What you need to do. Output all of the data exactly, keeping any images out of the copy.

Dataset section.
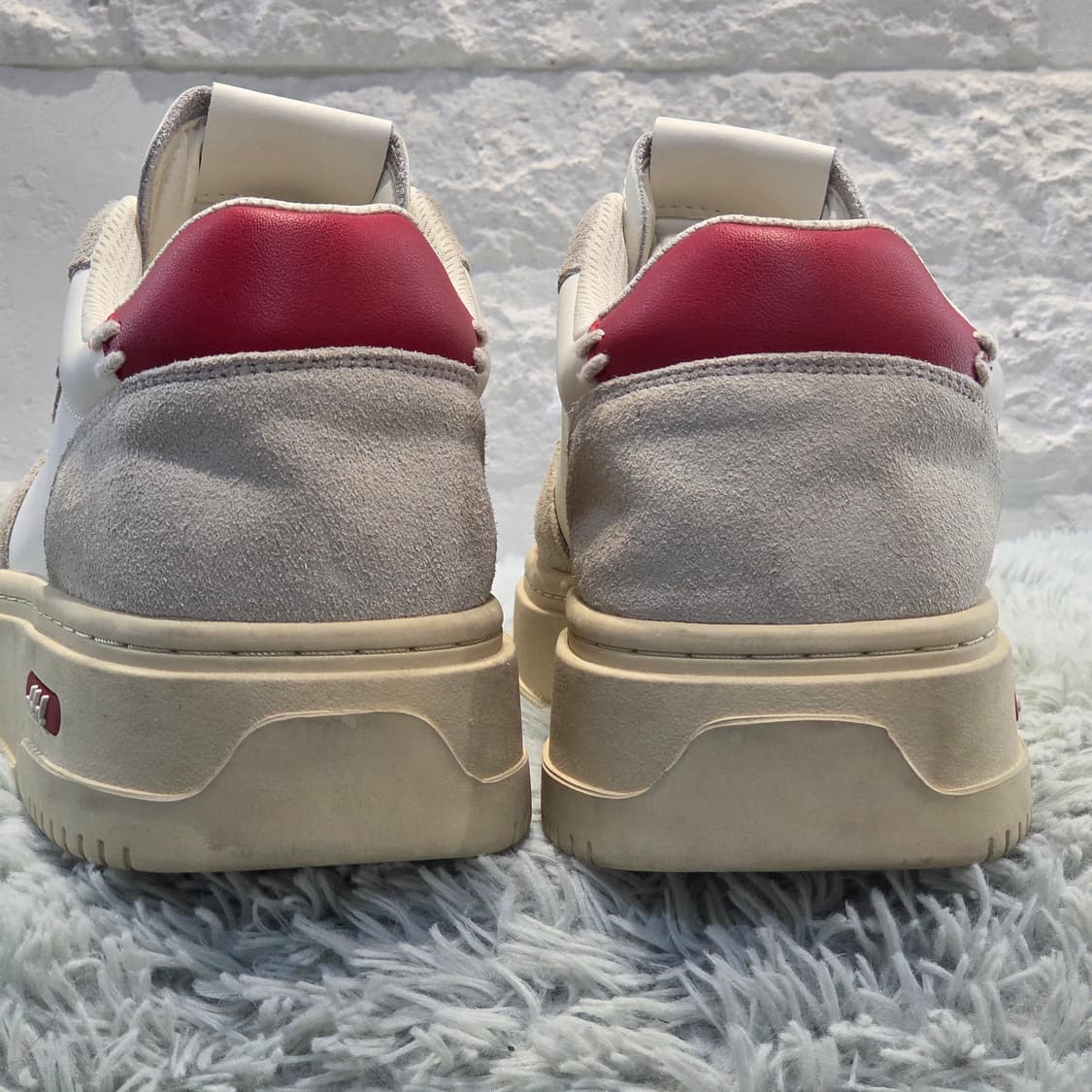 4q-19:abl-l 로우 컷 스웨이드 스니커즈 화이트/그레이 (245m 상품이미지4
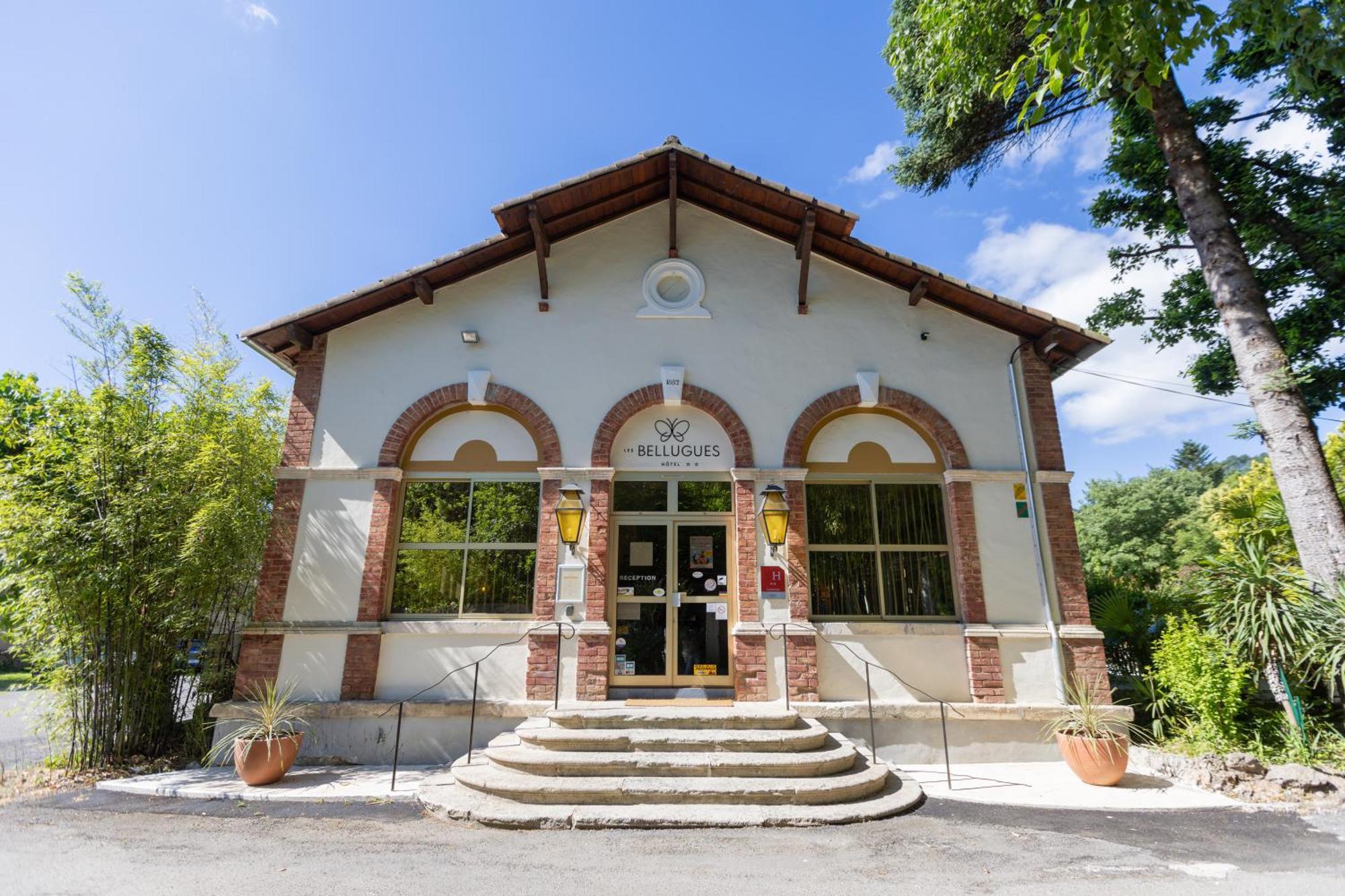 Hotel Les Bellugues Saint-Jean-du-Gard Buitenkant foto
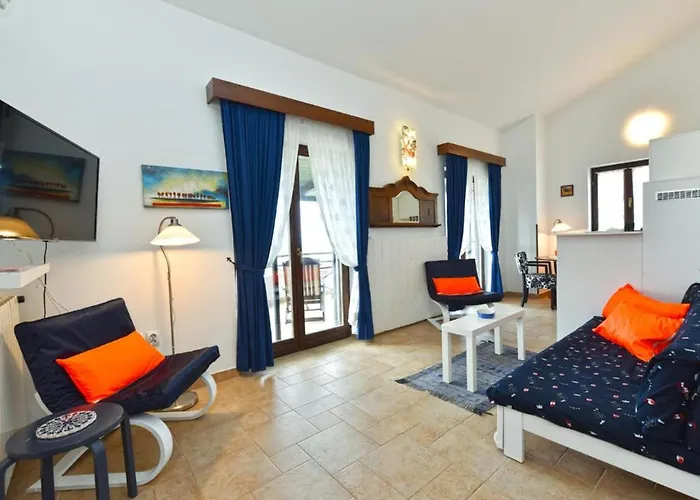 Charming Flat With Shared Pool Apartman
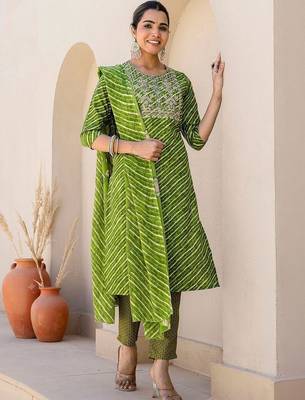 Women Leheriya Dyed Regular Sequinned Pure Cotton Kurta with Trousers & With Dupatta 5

Task result.
 4q-19:abl-l 로우 컷 스웨이드 스니커즈 화이트/그레이 (245m 상품이미지4
 Hotel Les Bellugues Saint-Jean-du-Gard Buitenkant foto
 Charming Flat With Shared Pool Apartman
 Women Leheriya Dyed Regular Sequinned Pure Cotton Kurta with Trousers & With Dupatta 5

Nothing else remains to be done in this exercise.